* **Exercise objective**: From the first entry to the last, copy the material exactly as it stands.
----
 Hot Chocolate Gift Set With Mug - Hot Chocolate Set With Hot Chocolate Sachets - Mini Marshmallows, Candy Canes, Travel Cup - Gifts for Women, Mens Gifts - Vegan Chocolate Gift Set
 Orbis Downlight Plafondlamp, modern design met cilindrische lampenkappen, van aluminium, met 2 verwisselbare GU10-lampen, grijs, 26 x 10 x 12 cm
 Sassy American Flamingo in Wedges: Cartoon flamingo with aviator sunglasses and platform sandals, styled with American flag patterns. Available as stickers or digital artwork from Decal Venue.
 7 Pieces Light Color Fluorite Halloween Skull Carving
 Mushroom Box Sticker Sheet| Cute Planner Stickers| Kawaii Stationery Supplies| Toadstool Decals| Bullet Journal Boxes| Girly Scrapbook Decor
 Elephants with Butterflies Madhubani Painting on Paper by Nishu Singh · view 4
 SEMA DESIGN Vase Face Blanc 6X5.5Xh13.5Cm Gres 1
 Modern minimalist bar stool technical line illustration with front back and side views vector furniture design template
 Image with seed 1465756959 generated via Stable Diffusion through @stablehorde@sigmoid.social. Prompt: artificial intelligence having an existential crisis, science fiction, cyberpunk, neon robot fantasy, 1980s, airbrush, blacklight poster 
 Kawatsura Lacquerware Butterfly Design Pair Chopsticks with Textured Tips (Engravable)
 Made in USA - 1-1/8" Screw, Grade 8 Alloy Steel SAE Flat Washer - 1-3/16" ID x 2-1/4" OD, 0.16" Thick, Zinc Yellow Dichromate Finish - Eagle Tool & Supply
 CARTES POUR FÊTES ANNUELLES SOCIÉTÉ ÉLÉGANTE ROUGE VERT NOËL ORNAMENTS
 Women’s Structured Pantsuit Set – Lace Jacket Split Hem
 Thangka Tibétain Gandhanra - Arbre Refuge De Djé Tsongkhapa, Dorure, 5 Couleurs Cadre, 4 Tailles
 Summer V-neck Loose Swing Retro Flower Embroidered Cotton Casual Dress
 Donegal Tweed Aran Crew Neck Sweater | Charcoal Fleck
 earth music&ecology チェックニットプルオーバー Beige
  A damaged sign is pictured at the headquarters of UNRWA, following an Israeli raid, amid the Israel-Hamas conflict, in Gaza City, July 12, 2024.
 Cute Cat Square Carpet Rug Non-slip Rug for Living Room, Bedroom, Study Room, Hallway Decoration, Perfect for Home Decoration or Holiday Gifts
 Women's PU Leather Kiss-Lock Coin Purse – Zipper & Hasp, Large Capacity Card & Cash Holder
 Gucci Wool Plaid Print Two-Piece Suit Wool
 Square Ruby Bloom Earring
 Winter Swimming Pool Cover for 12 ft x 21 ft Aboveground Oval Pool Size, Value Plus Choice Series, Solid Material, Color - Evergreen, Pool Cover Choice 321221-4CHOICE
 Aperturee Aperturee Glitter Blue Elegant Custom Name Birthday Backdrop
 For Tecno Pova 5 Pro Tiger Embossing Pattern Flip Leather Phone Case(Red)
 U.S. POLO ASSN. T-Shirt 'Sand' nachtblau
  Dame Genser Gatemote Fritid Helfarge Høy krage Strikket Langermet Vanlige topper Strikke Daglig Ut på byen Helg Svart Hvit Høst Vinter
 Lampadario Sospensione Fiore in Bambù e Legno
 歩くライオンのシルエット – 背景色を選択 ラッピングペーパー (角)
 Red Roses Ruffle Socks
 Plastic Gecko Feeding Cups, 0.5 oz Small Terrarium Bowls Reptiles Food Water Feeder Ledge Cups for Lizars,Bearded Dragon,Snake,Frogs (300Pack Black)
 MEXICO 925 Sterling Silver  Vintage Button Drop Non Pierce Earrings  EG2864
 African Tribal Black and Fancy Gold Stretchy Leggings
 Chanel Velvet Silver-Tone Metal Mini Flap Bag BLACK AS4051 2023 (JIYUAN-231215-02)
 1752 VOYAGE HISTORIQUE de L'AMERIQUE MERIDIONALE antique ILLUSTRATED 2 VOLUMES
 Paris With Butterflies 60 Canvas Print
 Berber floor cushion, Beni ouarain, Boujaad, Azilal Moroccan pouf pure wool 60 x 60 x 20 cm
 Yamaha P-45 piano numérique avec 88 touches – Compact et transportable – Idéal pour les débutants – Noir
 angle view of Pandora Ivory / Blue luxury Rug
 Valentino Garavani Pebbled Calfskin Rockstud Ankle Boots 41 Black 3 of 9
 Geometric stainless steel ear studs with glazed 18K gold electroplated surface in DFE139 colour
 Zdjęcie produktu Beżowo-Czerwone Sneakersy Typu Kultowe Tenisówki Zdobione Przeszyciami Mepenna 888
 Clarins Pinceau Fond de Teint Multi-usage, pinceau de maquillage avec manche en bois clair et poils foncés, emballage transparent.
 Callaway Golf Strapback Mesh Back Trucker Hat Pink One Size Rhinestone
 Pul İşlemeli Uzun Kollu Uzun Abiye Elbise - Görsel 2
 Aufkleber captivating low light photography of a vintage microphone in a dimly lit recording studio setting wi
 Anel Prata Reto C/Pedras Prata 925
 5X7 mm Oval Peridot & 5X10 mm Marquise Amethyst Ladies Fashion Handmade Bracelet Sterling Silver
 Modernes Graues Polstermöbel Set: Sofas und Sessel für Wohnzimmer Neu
----
* **The completed task**:
 Hot Chocolate Gift Set With Mug - Hot Chocolate Set With Hot Chocolate Sachets - Mini Marshmallows, Candy Canes, Travel Cup - Gifts for Women, Mens Gifts - Vegan Chocolate Gift Set
 Orbis Downlight Plafondlamp, modern design met cilindrische lampenkappen, van aluminium, met 2 verwisselbare GU10-lampen, grijs, 26 x 10 x 12 cm
 Sassy American Flamingo in Wedges: Cartoon flamingo with aviator sunglasses and platform sandals, styled with American flag patterns. Available as stickers or digital artwork from Decal Venue.
 7 Pieces Light Color Fluorite Halloween Skull Carving
 Mushroom Box Sticker Sheet| Cute Planner Stickers| Kawaii Stationery Supplies| Toadstool Decals| Bullet Journal Boxes| Girly Scrapbook Decor
 Elephants with Butterflies Madhubani Painting on Paper by Nishu Singh · view 4
 SEMA DESIGN Vase Face Blanc 6X5.5Xh13.5Cm Gres 1
 Modern minimalist bar stool technical line illustration with front back and side views vector furniture design template
 Image with seed 1465756959 generated via Stable Diffusion through @stablehorde@sigmoid.social. Prompt: artificial intelligence having an existential crisis, science fiction, cyberpunk, neon robot fantasy, 1980s, airbrush, blacklight poster 
 Kawatsura Lacquerware Butterfly Design Pair Chopsticks with Textured Tips (Engravable)
 Made in USA - 1-1/8" Screw, Grade 8 Alloy Steel SAE Flat Washer - 1-3/16" ID x 2-1/4" OD, 0.16" Thick, Zinc Yellow Dichromate Finish - Eagle Tool & Supply
 CARTES POUR FÊTES ANNUELLES SOCIÉTÉ ÉLÉGANTE ROUGE VERT NOËL ORNAMENTS
 Women’s Structured Pantsuit Set – Lace Jacket Split Hem
 Thangka Tibétain Gandhanra - Arbre Refuge De Djé Tsongkhapa, Dorure, 5 Couleurs Cadre, 4 Tailles
 Summer V-neck Loose Swing Retro Flower Embroidered Cotton Casual Dress
 Donegal Tweed Aran Crew Neck Sweater | Charcoal Fleck
 earth music&ecology チェックニットプルオーバー Beige
  A damaged sign is pictured at the headquarters of UNRWA, following an Israeli raid, amid the Israel-Hamas conflict, in Gaza City, July 12, 2024.
 Cute Cat Square Carpet Rug Non-slip Rug for Living Room, Bedroom, Study Room, Hallway Decoration, Perfect for Home Decoration or Holiday Gifts
 Women's PU Leather Kiss-Lock Coin Purse – Zipper & Hasp, Large Capacity Card & Cash Holder
 Gucci Wool Plaid Print Two-Piece Suit Wool
 Square Ruby Bloom Earring
 Winter Swimming Pool Cover for 12 ft x 21 ft Aboveground Oval Pool Size, Value Plus Choice Series, Solid Material, Color - Evergreen, Pool Cover Choice 321221-4CHOICE
 Aperturee Aperturee Glitter Blue Elegant Custom Name Birthday Backdrop
 For Tecno Pova 5 Pro Tiger Embossing Pattern Flip Leather Phone Case(Red)
 U.S. POLO ASSN. T-Shirt 'Sand' nachtblau
  Dame Genser Gatemote Fritid Helfarge Høy krage Strikket Langermet Vanlige topper Strikke Daglig Ut på byen Helg Svart Hvit Høst Vinter
 Lampadario Sospensione Fiore in Bambù e Legno
 歩くライオンのシルエット – 背景色を選択 ラッピングペーパー (角)
 Red Roses Ruffle Socks
 Plastic Gecko Feeding Cups, 0.5 oz Small Terrarium Bowls Reptiles Food Water Feeder Ledge Cups for Lizars,Bearded Dragon,Snake,Frogs (300Pack Black)
 MEXICO 925 Sterling Silver  Vintage Button Drop Non Pierce Earrings  EG2864
 African Tribal Black and Fancy Gold Stretchy Leggings
 Chanel Velvet Silver-Tone Metal Mini Flap Bag BLACK AS4051 2023 (JIYUAN-231215-02)
 1752 VOYAGE HISTORIQUE de L'AMERIQUE MERIDIONALE antique ILLUSTRATED 2 VOLUMES
 Paris With Butterflies 60 Canvas Print
 Berber floor cushion, Beni ouarain, Boujaad, Azilal Moroccan pouf pure wool 60 x 60 x 20 cm
 Yamaha P-45 piano numérique avec 88 touches – Compact et transportable – Idéal pour les débutants – Noir
 angle view of Pandora Ivory / Blue luxury Rug
 Valentino Garavani Pebbled Calfskin Rockstud Ankle Boots 41 Black 3 of 9
 Geometric stainless steel ear studs with glazed 18K gold electroplated surface in DFE139 colour
 Zdjęcie produktu Beżowo-Czerwone Sneakersy Typu Kultowe Tenisówki Zdobione Przeszyciami Mepenna 888
 Clarins Pinceau Fond de Teint Multi-usage, pinceau de maquillage avec manche en bois clair et poils foncés, emballage transparent.
 Callaway Golf Strapback Mesh Back Trucker Hat Pink One Size Rhinestone
 Pul İşlemeli Uzun Kollu Uzun Abiye Elbise - Görsel 2
 Aufkleber captivating low light photography of a vintage microphone in a dimly lit recording studio setting wi
 Anel Prata Reto C/Pedras Prata 925
 5X7 mm Oval Peridot & 5X10 mm Marquise Amethyst Ladies Fashion Handmade Bracelet Sterling Silver
 Modernes Graues Polstermöbel Set: Sofas und Sessel für Wohnzimmer Neu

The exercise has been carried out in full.